In the early years after Roe v. Wade, the pro-life movement fixated on overturning the ruling and getting a complete ban on abortions. When that proved impossible, they found other methods, such as counseling centers and restrictions on late-term abortions. The annual number of abortions has since been halved.
4) Treat adversaries with respect. Try to appeal to their best instincts, urging them to honor their own principles rather than scolding them for failing to meet yours.
I cringe every time I hear President Trump use words like thugs, deranged, human scum, and enemies of the people to describe his opponents. Not only does he demean the office of the president, he also greatly decreases the likelihood of working with those opponents in the future.
We are living in troubled times, with an economy ravaged by a virus, and protests reminding us daily of a racial divide. Our nation desperately needs to come together. In a statement issued in response to the George Floyd protests, former , “The heroes of America—from Frederick Douglass, to Harriet Tubman, to Abraham Lincoln, to Martin Luther King, Jr.—are heroes of unity. Their calling has never been for the fainthearted. They often revealed the nation’s disturbing bigotry and exploitation—stains on our character sometimes difficult for the American majority to examine. We can only see the reality of America’s need by seeing it through the eyes of the threatened, oppressed, and disenfranchised.”

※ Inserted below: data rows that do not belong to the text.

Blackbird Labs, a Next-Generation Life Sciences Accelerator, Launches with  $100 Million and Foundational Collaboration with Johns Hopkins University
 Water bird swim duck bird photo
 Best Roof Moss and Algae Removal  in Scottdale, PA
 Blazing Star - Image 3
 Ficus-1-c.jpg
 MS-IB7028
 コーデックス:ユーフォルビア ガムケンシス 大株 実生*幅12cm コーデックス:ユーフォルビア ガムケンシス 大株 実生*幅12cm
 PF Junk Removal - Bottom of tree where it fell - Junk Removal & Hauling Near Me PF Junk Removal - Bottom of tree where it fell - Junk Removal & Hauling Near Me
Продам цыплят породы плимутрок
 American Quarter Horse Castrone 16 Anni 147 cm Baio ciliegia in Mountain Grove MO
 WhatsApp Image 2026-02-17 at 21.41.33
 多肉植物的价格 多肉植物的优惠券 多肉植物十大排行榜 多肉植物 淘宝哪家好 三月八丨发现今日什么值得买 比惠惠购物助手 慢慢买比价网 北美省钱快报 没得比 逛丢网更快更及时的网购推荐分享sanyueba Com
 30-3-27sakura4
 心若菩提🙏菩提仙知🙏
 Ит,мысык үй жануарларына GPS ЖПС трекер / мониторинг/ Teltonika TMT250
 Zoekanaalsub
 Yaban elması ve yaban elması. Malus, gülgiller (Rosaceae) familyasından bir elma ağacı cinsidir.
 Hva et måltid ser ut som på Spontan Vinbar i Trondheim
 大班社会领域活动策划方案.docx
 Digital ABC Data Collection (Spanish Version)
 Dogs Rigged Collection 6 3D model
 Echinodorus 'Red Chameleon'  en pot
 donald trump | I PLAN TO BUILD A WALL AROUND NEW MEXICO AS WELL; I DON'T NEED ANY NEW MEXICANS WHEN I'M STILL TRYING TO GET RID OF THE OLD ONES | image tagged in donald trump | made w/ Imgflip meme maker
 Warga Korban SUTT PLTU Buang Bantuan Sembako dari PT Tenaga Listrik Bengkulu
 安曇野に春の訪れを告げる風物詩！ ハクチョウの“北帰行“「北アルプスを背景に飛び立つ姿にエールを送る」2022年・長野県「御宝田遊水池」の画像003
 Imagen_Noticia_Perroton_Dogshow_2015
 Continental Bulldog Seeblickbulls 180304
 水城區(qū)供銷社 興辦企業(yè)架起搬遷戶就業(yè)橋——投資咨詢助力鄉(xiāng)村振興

“Daddy changed the world!” said George Floyd’s six-year-old daughter in a video that went viral. Whether that proves true remains to be seen. Floyd’s death did, however, open the world’s eyes to how far we fall short of the American ideal that all people are created equal with rights endowed by God.
Former President Bush concluded his statement by saying, “We love our neighbors as ourselves when we treat them as equals, in both protection and compassion. There is a better way—the way of empathy, and shared commitment, and bold action, and a peace rooted in justice. I am confident that together, Americans will choose the better way.”
Truthfully, I don’t have that same confidence…yet. But I’m praying for it, and committed to working toward it.